At their modest pension, Marjorie meets a dashing but aloof Captain Edward Grainger, esquire. She finds him stodgy and over-protective.
Straining against the constraints of conventional society and eager for adventure, Marjorie manages to get herself into a number of scrapes in which the begrudging Captain Grainger comes to her rescue. Unknown to Marjorie, Captain Grainger works for Lloyds, and is in pursuit of a notorious international jewel thief. His job is to assure the South Sea pearls of Mrs. Grace Parmeter are not pinched while she vacations in Tuscany. An informant has told Edward that the thief is a resident of Marjorie’s pension.
Enter the Honorable Freddie Clive-Bickerton who wishes for Marjorie’s hand and her fortune. He takes her to the opera in style and has the most impeccable manners.

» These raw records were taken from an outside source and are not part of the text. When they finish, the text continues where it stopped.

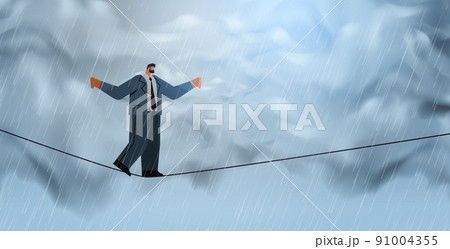 businessman walking on balancing tight rope risk challenge help in business concept horizontal businessman walking on balancing tight rope risk challenge help in business concept horizontal 91004355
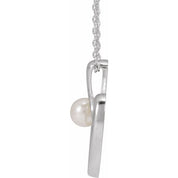 Sterling Silver Cultured White Akoya Pearl Heart Pendant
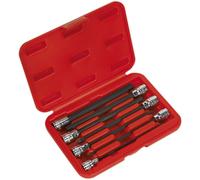 Loops 7pc Hex Socket Bit Set 3/8" Square Drive 3mm to 10mm - 150mm Long Shaft S2 Steel in Metallics Loops Metallics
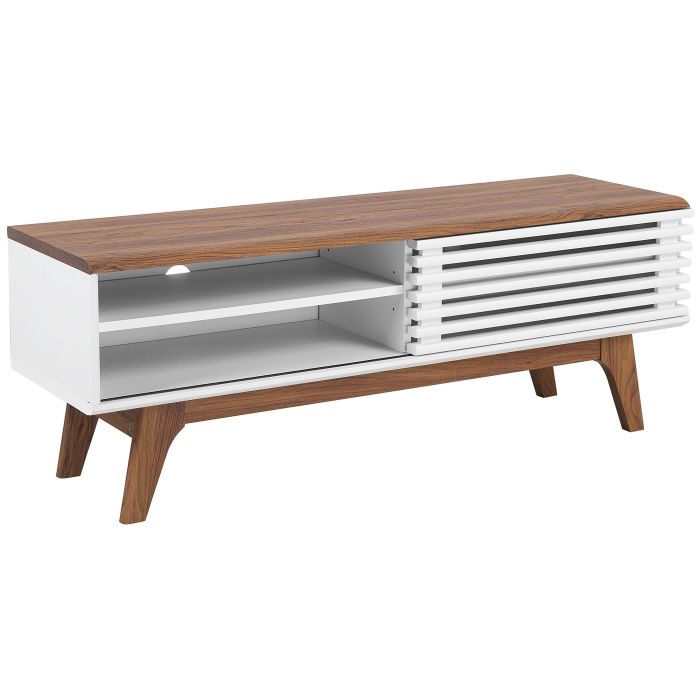 TV Stand White and Dark Wood TOLEDO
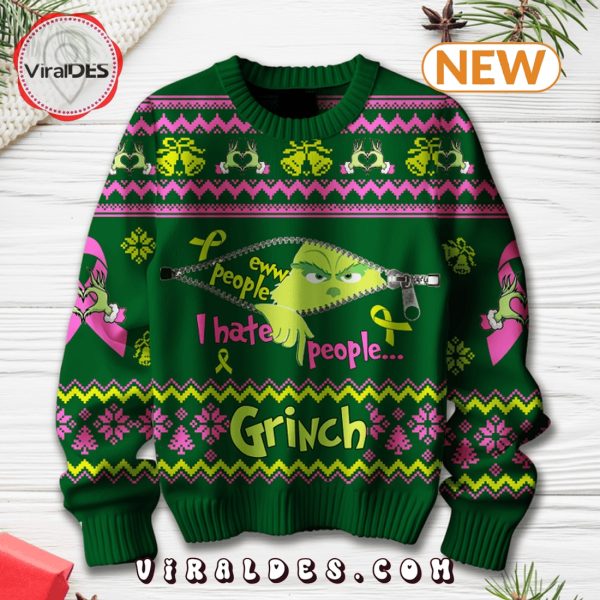 Grinch I Hate People 2024 Christmas Ugly Sweater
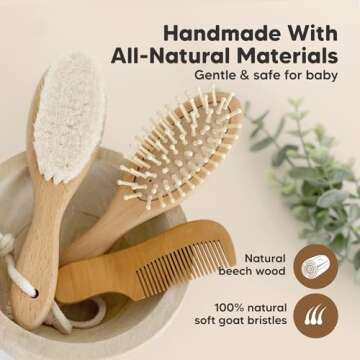 Baby Hair Brush and Comb Set for Newborn - Wooden Baby Hair Brush Set with Soft Goat Bristle, Baby Brush Set for Newborns Baby Brush and Comb Set Girl, Boy, Toddler Cradle Cap Brush (Oval, Walnut)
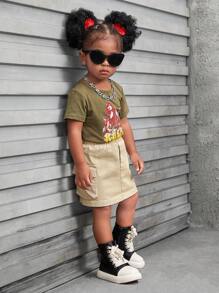 SHEIN 2pcs Baby Girls' Casual Street Style Fun Portraiture Printed Short Sleeve Top And Skirt Set, Spring & Summer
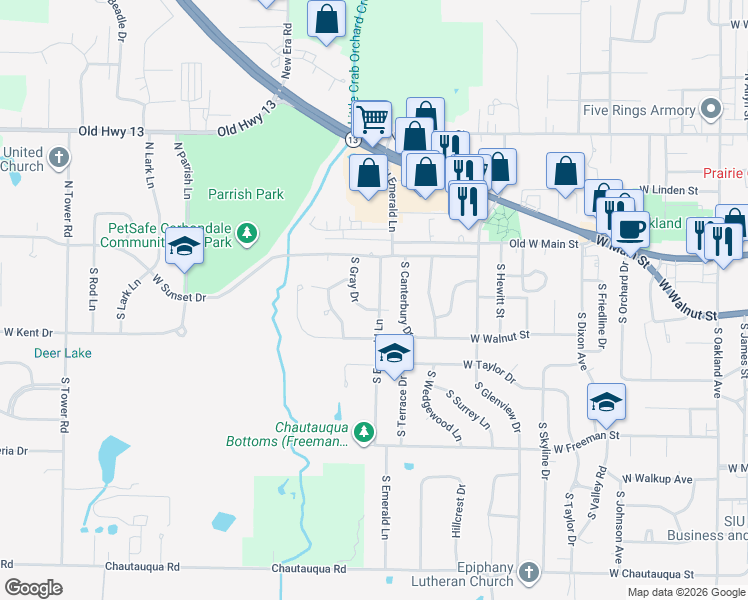 map of restaurants, bars, coffee shops, grocery stores, and more near 216a South Emerald Lane in Carbondale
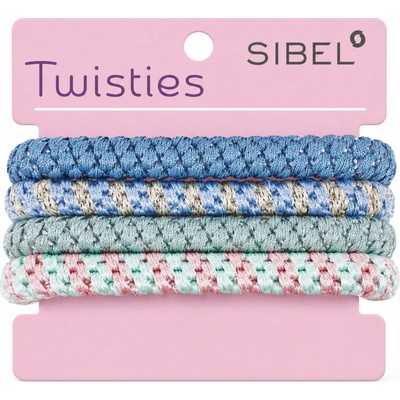 Sinelco Gumičky do vlasů - textilní Sibel Twisties 4 ks BLUE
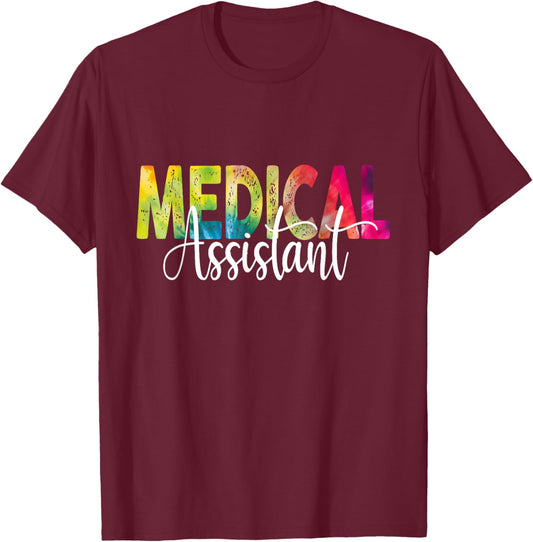 Medical Assistant Tie Dye Med Assistant T-Shirt - T-Shirt | Maroon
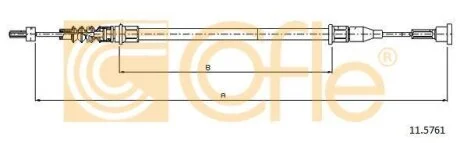 Трос ручного гальма Opel Corsa C (00-09) (1143/370mm) диск.гальм. правий R COFLE 11.5761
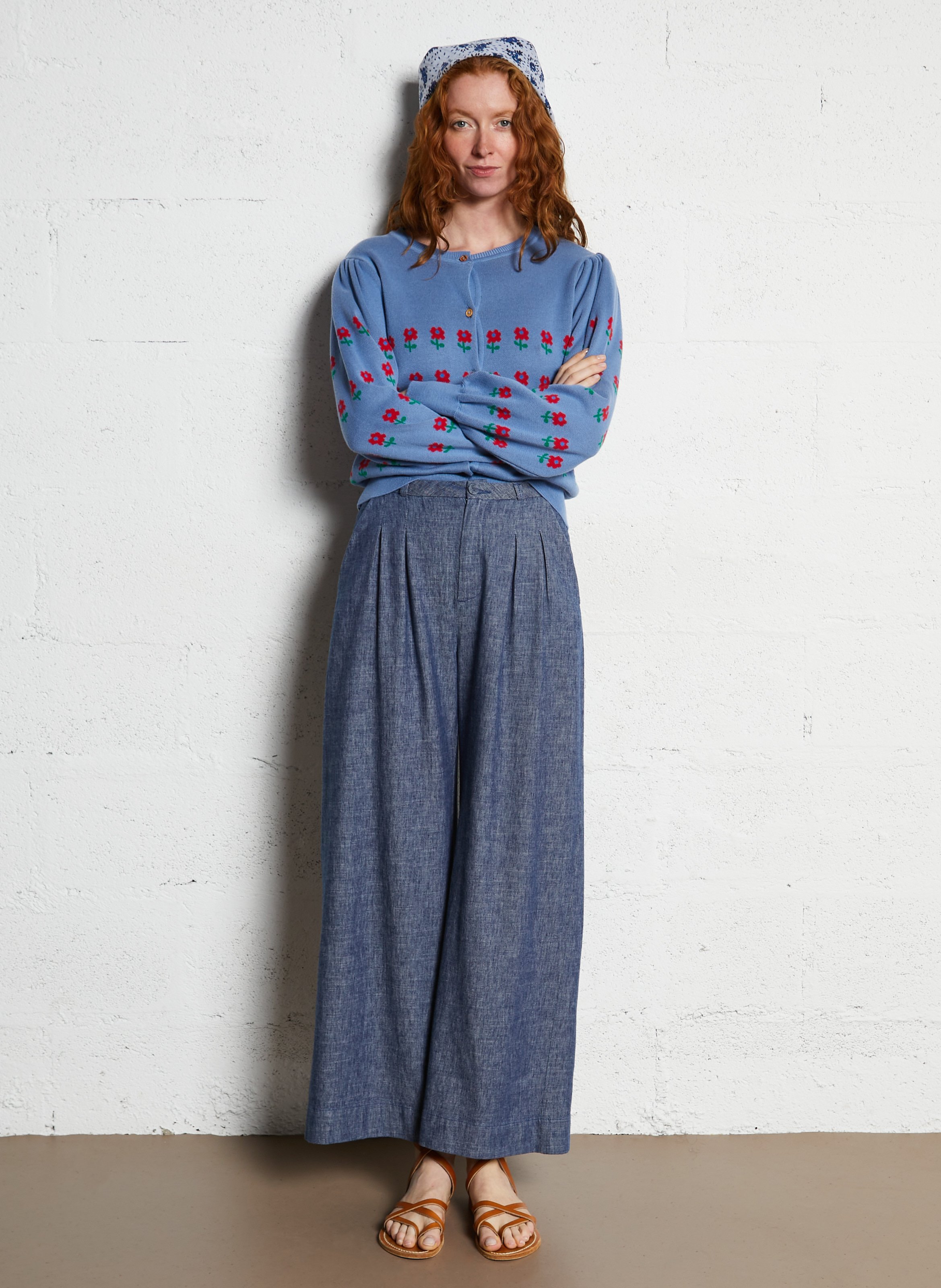 Gilet col rond  Bleu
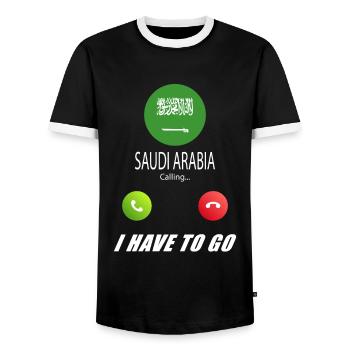 L’Arabie saoudite appelle les drapeaux lusiger le sort - T-shirt contrasté Homme - noir/blanc - Devant - AI Model Female 172 light (172cm) & AI Model Male 178 light (178cm)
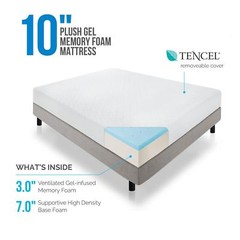 LUCID 6, 8, 10, and 12 Inch Gel Memory Foam Mattress – Twin Full Queen and King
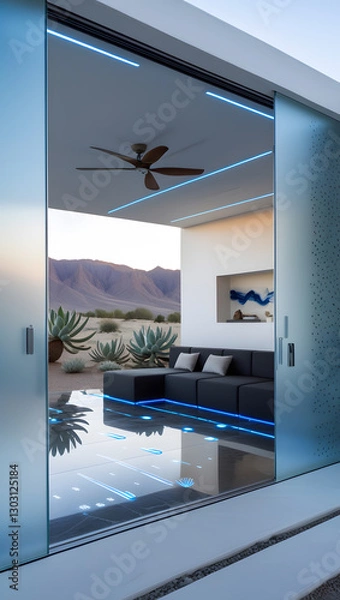 Obraz Walking barefoot across the polished basalt floors, subtle motion-activated blue light strips illuminate pathways, enhancing both function and ambiance.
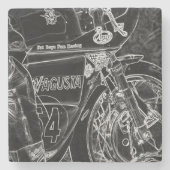 Motorfiets 1 coastercna stenen onderzetter (Voorkant)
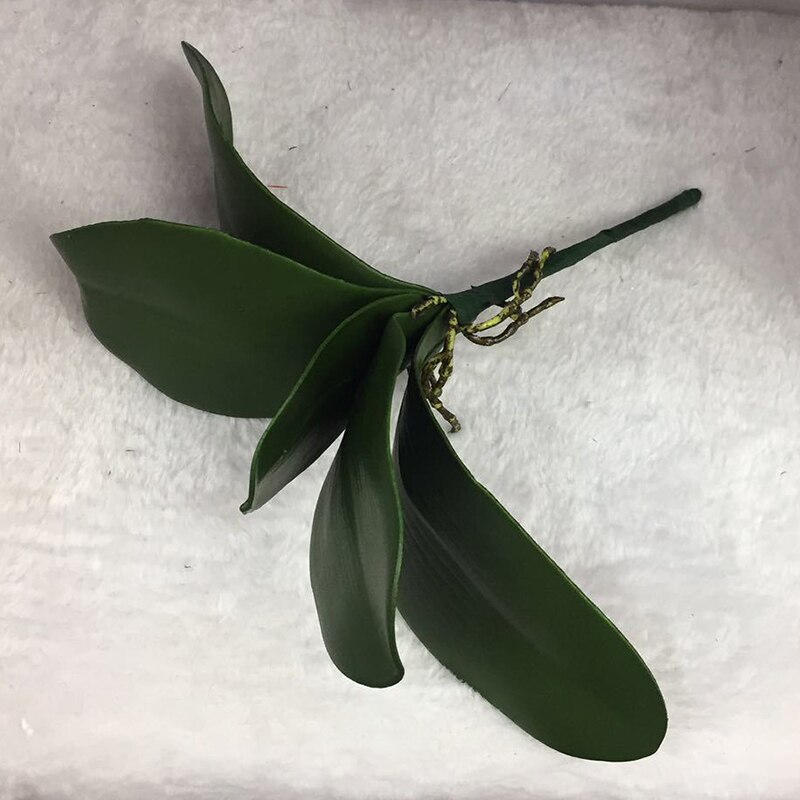 huaao 6 stuks kunstmatige groene Phalaenopsis simulatie orchideeën bloemen Phalaenopsis bladeren echte latex touch groene plant decoratie voor bloemen tuin bonsai decor (26 cm/5 vellen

Marjorie soon realizes it’s Edward Grainger who can be depended on.
When a stolen diamond bracelet is found in Marjorie’s opera reticule, the local police arrest her. Edward reveals his true identity and convinces the police that the culprit is another resident of the pension who has left in a hurry. Except the accused has an alibi, and Edward fears the real thief is a danger to the others and will strike again.
Knowing she’s spoilt Edward’s chances to catch the thief, Marjorie persuades her cousin to go with her to Grace Parmeter’s villa where they apply for work as housemaids so they can spy on her guests. They are hired because the lady is giving a house party and extra staff are needed. An angry Edward is one of the guests and so is fickle Freddie.
Marjorie does her best to uncover the thief, but her antics put the party into a terrible uproar.
In the end the thief is exposed, Edward is reconciled and Marjorie finds falling in love to be the grandest adventure of them all.